Names
- Full name: Glen Orden Sports Club Inc
- Nickname: Hawks

Club details
- Founded: 1979; 46 years ago
- Colours: Brown Gold
- Competition: WFNL: Thirds
- Premierships: WFNL (Div 2) (2) 2006; 2013; WFNL (Div 3) (2) 1992; 2019;
- Ground: Glen Orden Reserve

Uniforms
| Home |

= Glen Orden Football Club =

Australian rules football club

The Glen Orden Football Club, sometimes stylised as Glenorden and nicknamed the Hawks, is an Australian rules football club based in the Melbourne suburb of Werribee. The club has competed almost continuously in the Western Football Netball League (WFNL) since 1979.

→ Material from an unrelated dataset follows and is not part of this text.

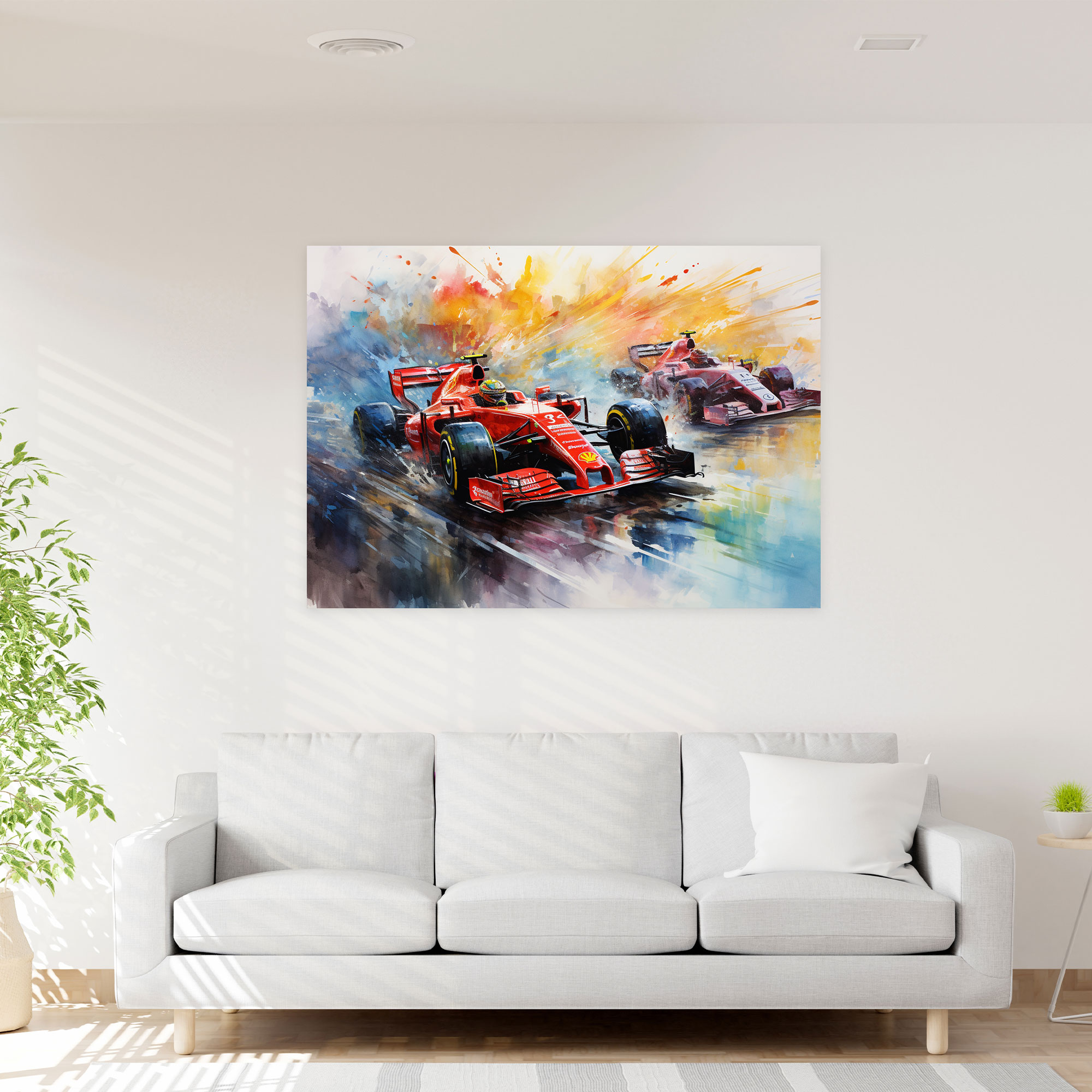 Formula 1 Canvas Print - Formula 1, Motion, Watercolor Painting, Canvas Wall Art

In addition to football, Glen Orden also has netball teams and cricket teams (the latter known as Glen Orden Thunders).

==History==
Glen Orden was founded in 1979 and entered the Footscray District Football League (FDFL, later WRFL and WFNL). The club spent its early years in A2 Section as they were initially unable to field senior and reserves teams.

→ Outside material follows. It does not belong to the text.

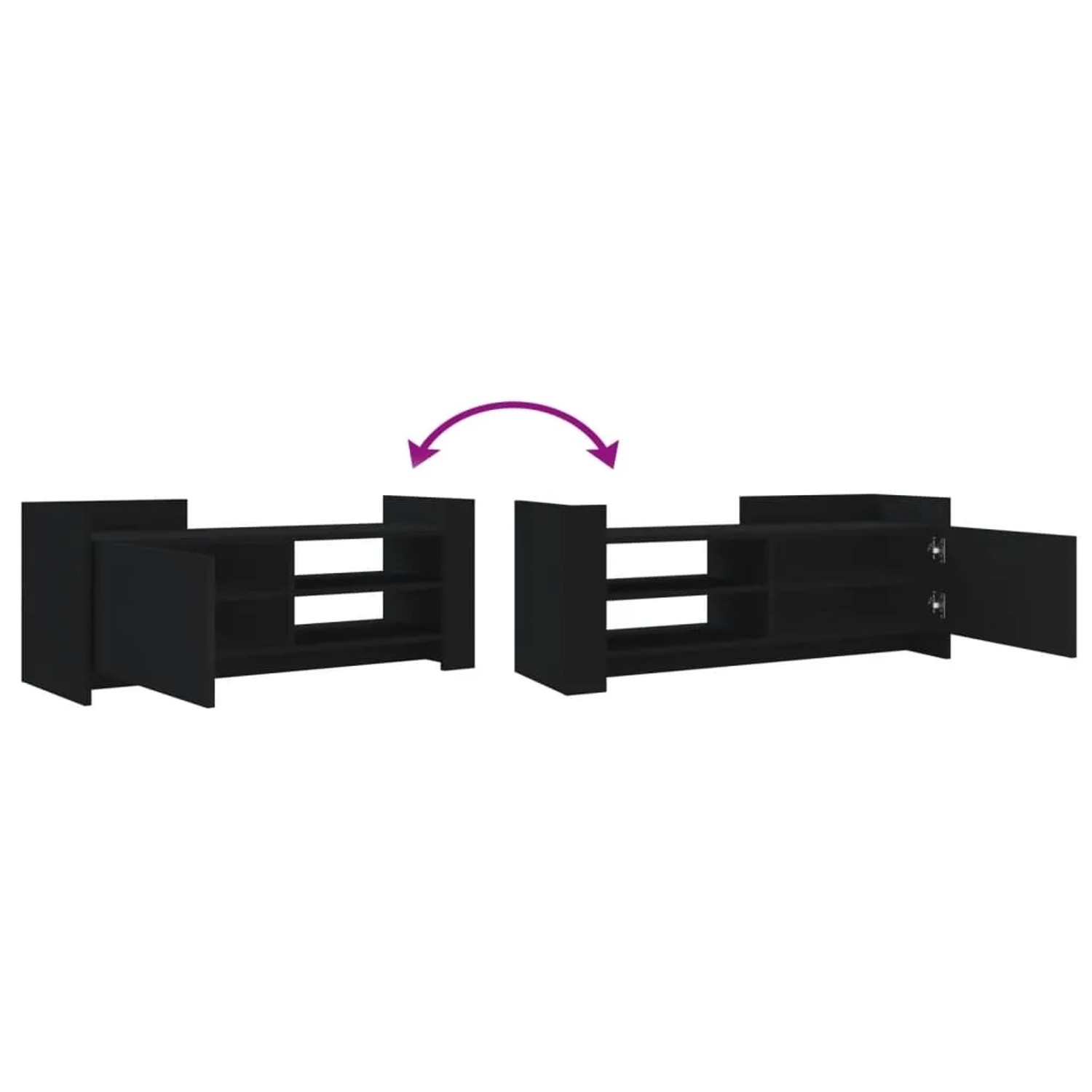 VidaXL TV-Schrank, schwarz, 100x35x40 cm, Holzwerkstoff, mit Tür und offenen Fächern. Flexibel montierbar.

The club won its first senior premiership in Division 3 in 1992. Further success came in the 2000s, with back-to-back Division 2 reserves premierships in 2003 and 2004, as well as both senior and reserves premierships in 2006.

In 2017, Glen Orden withdrew its senior teams from the WRFL amid a player shortage. They returned to fielded senior teams in Division 3 for the 2018 season.

Glen Orden's senior side went into recess again ahead of the 2023 season. The club planned to return to senior competition in 2024, but were unable to find enough players and instead entered the WFNL Thirds competition.